■ **Short descriptive text snippets**

*** Begin section ***

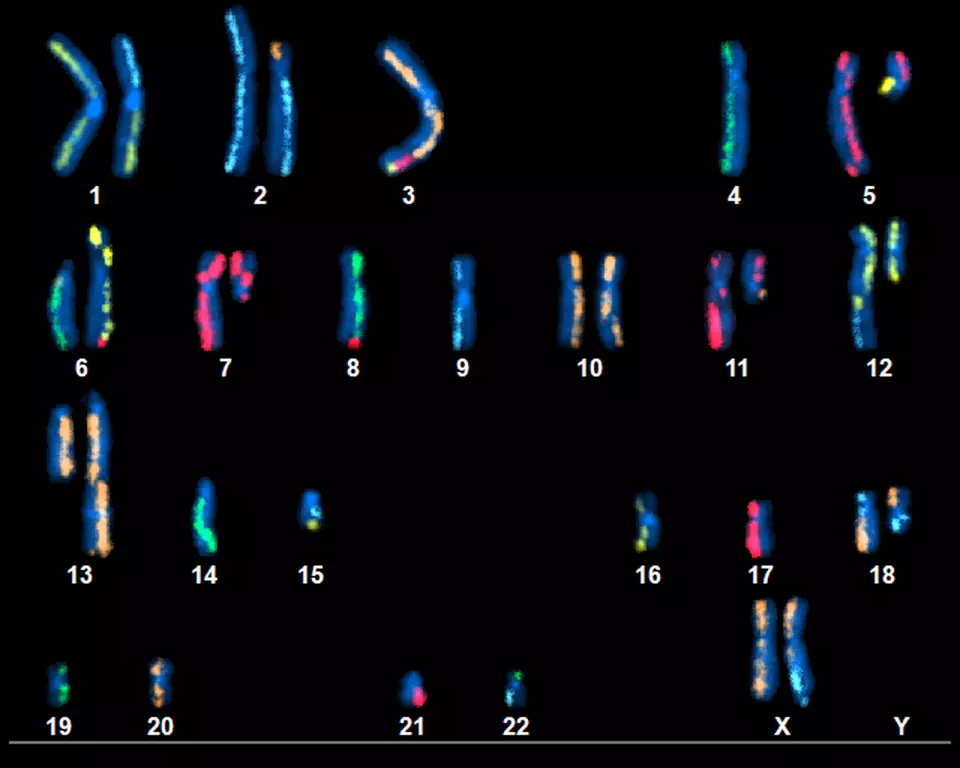 An image showing 22 pairs of numbered and color-coded chromosomes on a black background.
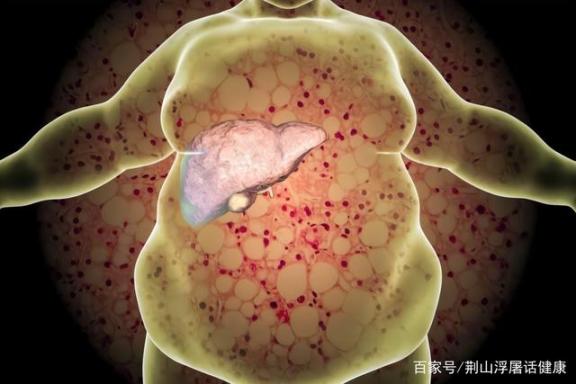肝有癌症，身体会发出什么求救信号？怎样诊断？一言以蔽之。  猫发出咕噜咕噜的声音是什么意思 中国癌症地图 身体左侧疼 假发出口 癌症晚期症状 头发出油怎么办 郭艾伦被诊断为脑震荡 多发性骨髓瘤诊断 中医治疗癌症 白癜风诊断 第2张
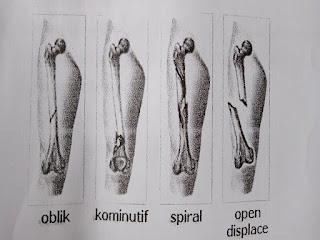 Gambar Pemeriksaan Penunjang Fraktur Femur Dan Komplikasinya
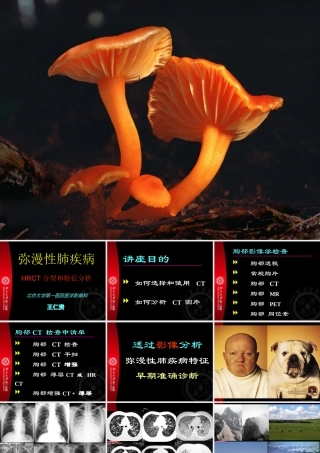 最牛的肺部CT讲座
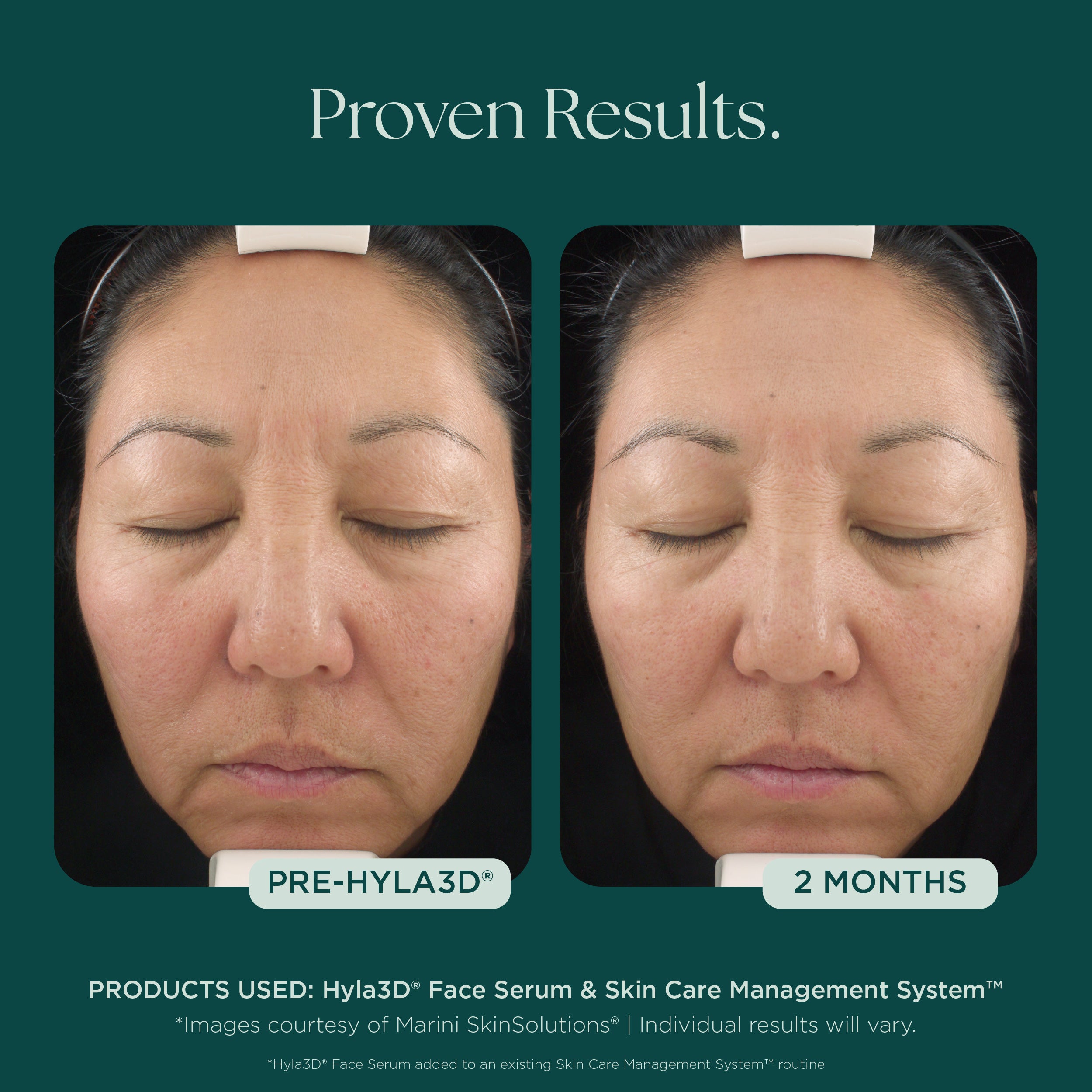 Hyla3D® Face Serum | Hyaluronic Acid HA | Facial Volume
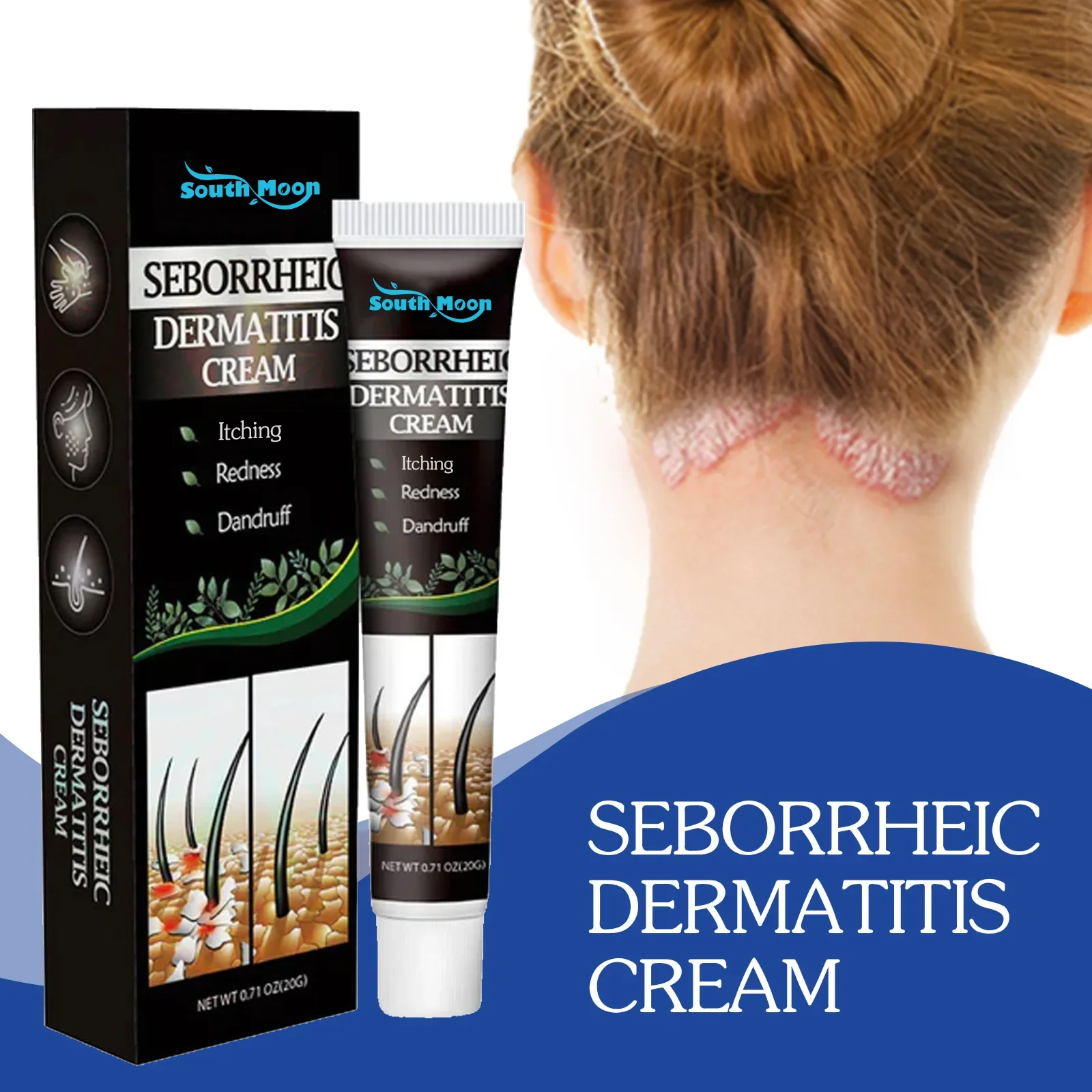 Seborrheic Skin Cream Head Acne Pruritus Scalp Ringworm Skin Problem Repair Skin Cream Cleansing Cream Hair Scalp Care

*** End section ***

■ **Required work**
Please transcribe exactly the lines from the one containing "Hyla3D® Face Serum" through the last line of the records above, both included, and leave out every picture.

■ **Answer below**
 Hyla3D® Face Serum | Hyaluronic Acid HA | Facial Volume
 Seborrheic Skin Cream Head Acne Pruritus Scalp Ringworm Skin Problem Repair Skin Cream Cleansing Cream Hair Scalp Care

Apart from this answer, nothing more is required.